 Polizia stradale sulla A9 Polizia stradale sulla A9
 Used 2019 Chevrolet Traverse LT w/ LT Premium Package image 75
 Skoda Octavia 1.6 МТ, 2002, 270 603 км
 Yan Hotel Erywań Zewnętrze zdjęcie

************

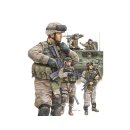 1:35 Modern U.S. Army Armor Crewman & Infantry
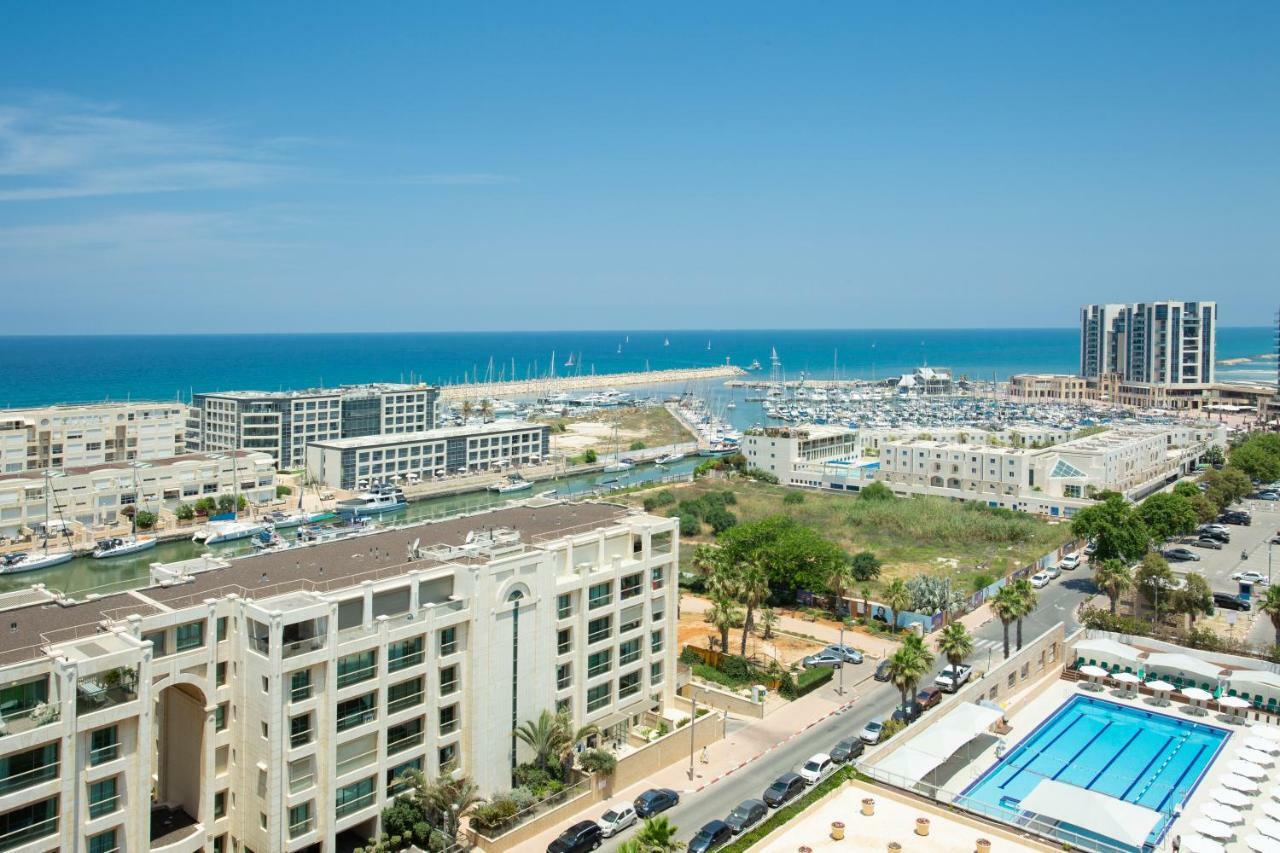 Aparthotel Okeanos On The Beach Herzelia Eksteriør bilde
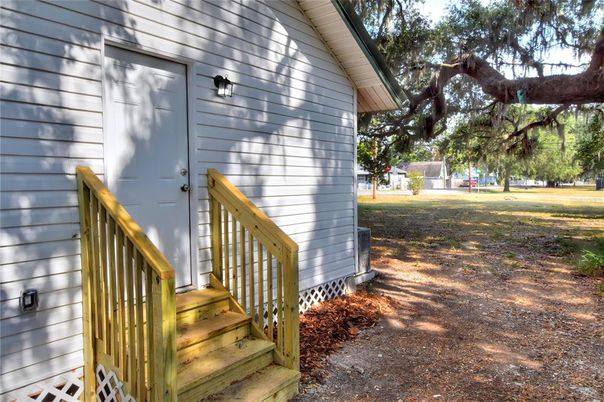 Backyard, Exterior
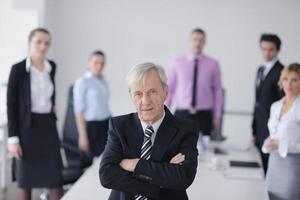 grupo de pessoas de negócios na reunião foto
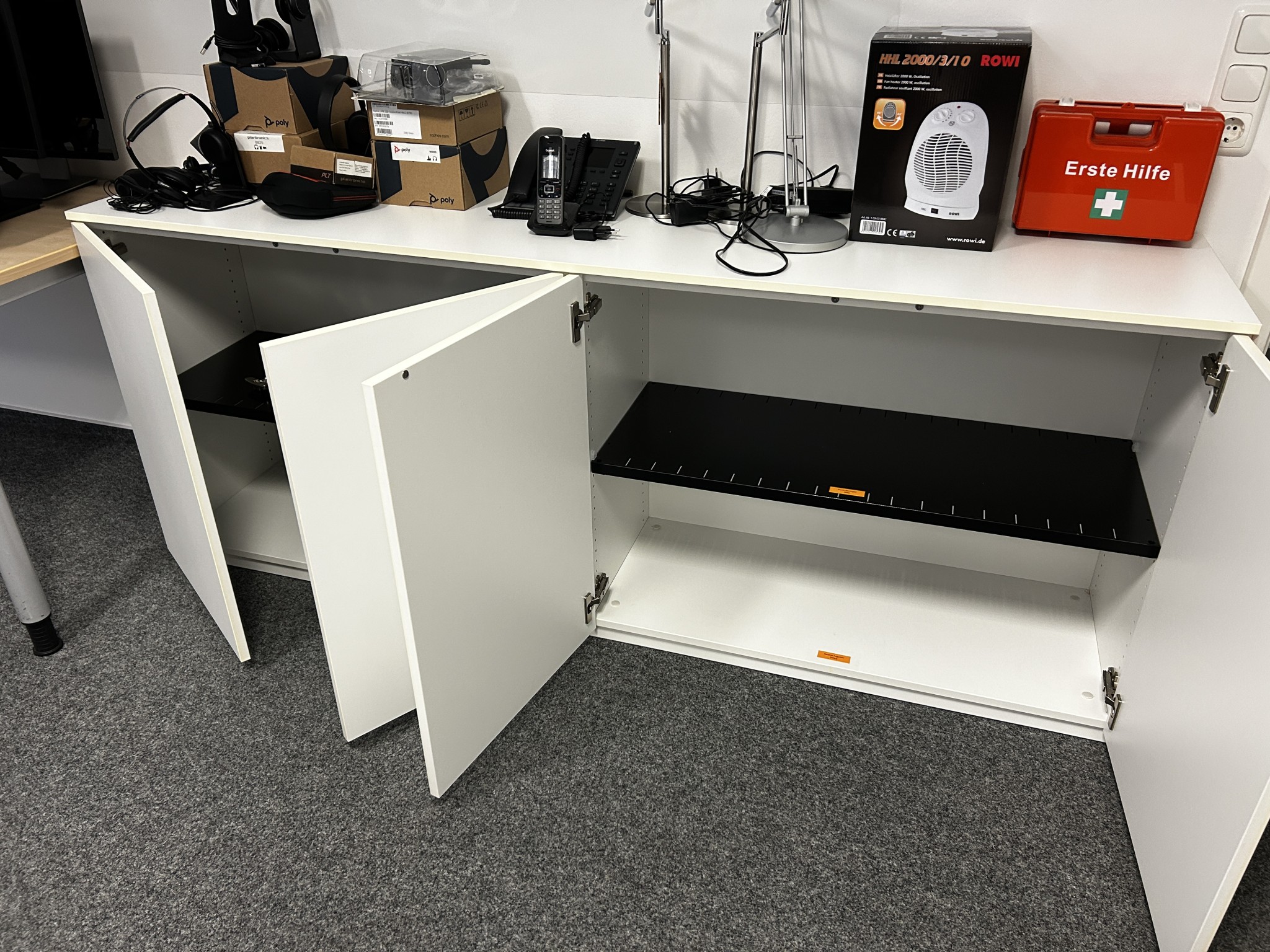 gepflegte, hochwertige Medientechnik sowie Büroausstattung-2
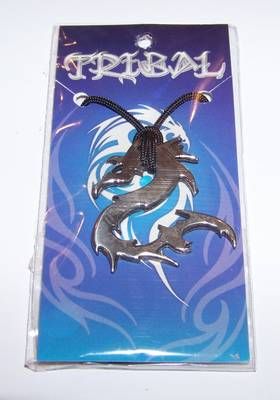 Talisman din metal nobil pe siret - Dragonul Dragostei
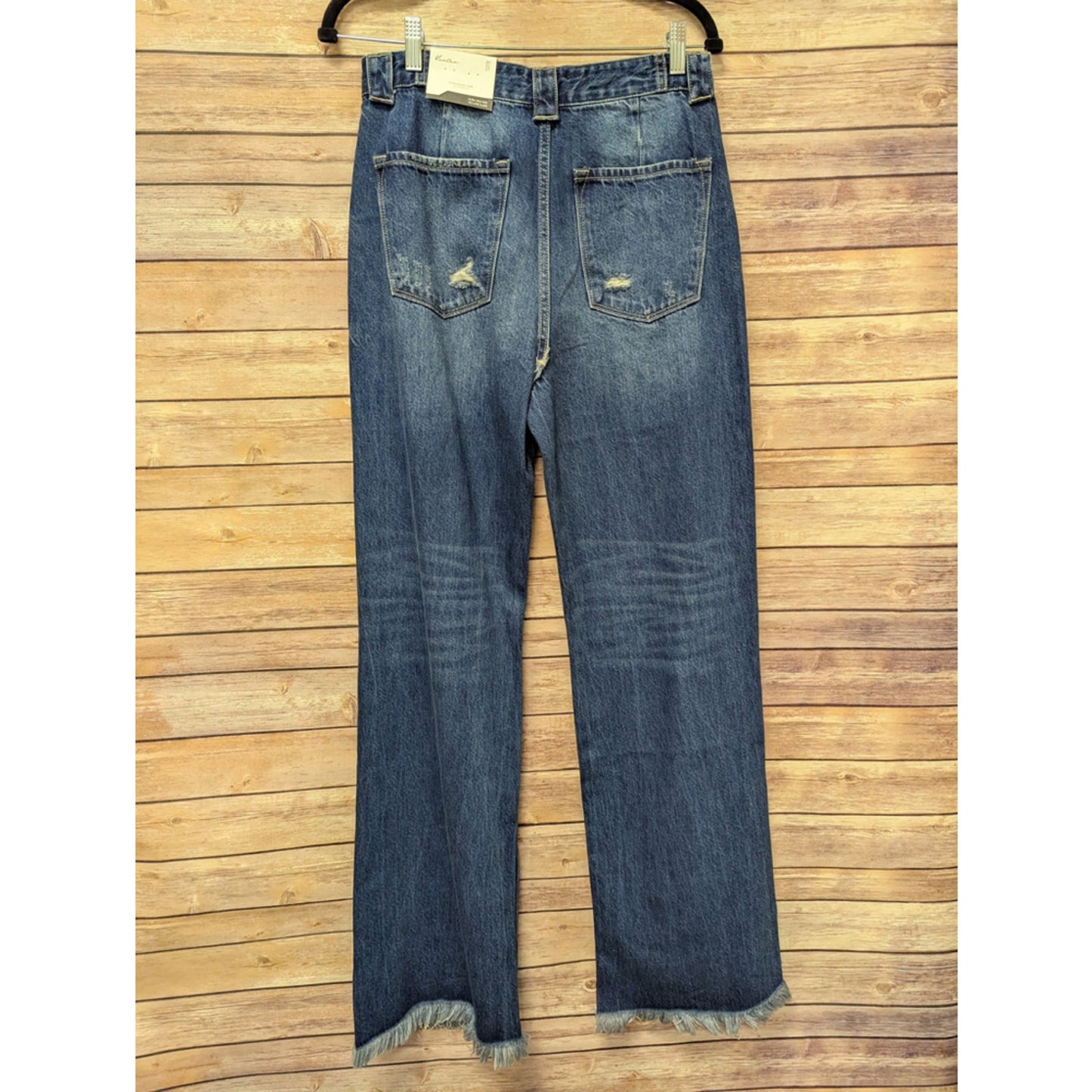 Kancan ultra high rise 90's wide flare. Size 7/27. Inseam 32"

************

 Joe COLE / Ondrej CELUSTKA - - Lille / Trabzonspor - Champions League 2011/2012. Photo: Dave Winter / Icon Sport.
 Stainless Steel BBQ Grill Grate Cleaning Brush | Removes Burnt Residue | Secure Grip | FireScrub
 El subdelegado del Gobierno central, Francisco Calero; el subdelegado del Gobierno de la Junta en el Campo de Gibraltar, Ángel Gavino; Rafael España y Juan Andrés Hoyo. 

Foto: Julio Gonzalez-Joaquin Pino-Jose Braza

************

Your reply should hold nothing but the lines above, from the one containing "grupo de pessoas de negócios na reunião foto" to the one containing "Kancan ultra high", reproduced exactly minus the pictures.

_Solution to the problem_
 grupo de pessoas de negócios na reunião foto
 gepflegte, hochwertige Medientechnik sowie Büroausstattung-2
 Talisman din metal nobil pe siret - Dragonul Dragostei
 Kancan ultra high rise 90's wide flare. Size 7/27. Inseam 32"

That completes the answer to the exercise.